**To do**
Every entry is to be returned exactly as it stands; the pictures are to be dropped.

**Material shown**
________

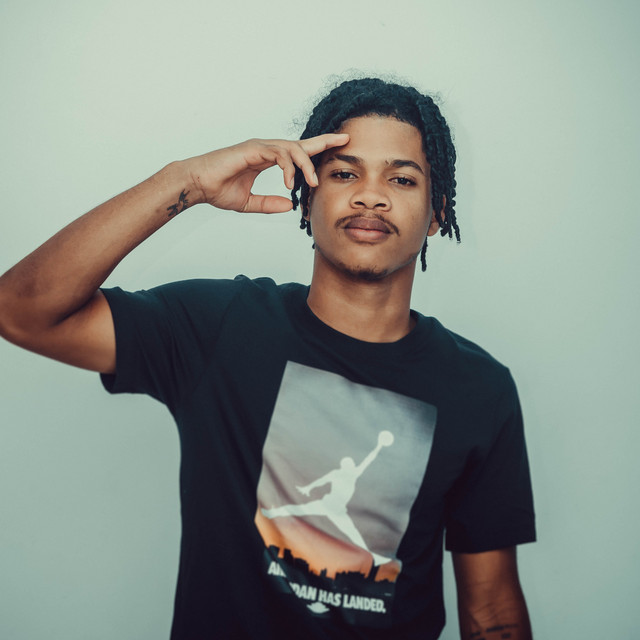 artist photo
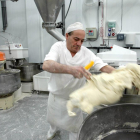 La masa preparada de pan candeal se dispone en una máquina para su elaboración en la empresa vallisoletana Fadispan.-ICAL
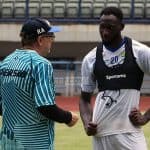 Ini Penyebab Castillion Telat Bergabung Latihan Persib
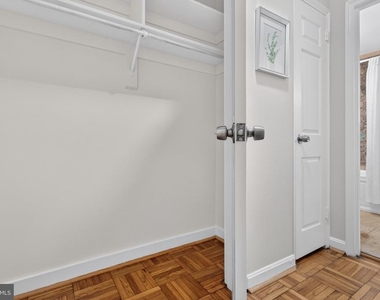 226 N Thomas Street N - Photo Thumbnail 34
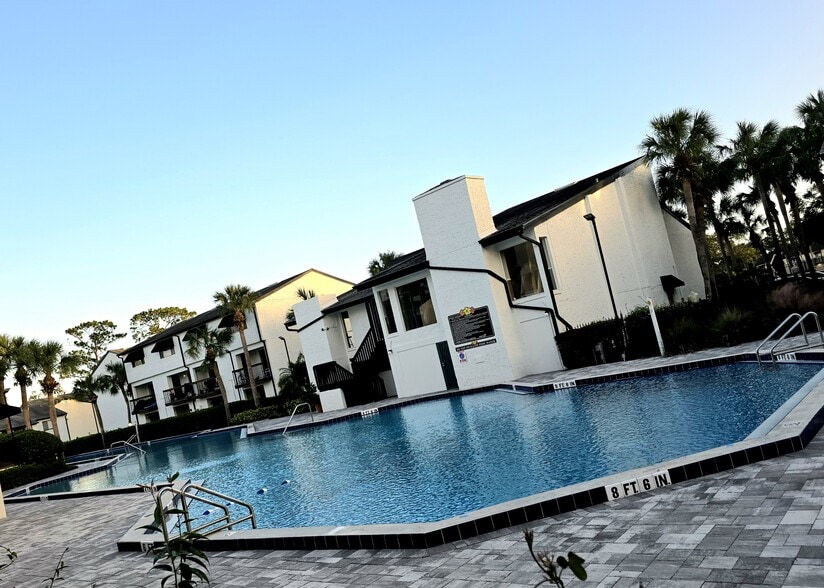 Building Photo - 4151 S Semoran Blvd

________

**Output for this exercise**
 artist photo
 La masa preparada de pan candeal se dispone en una máquina para su elaboración en la empresa vallisoletana Fadispan.-ICAL
 Ini Penyebab Castillion Telat Bergabung Latihan Persib
 226 N Thomas Street N - Photo Thumbnail 34
 Building Photo - 4151 S Semoran Blvd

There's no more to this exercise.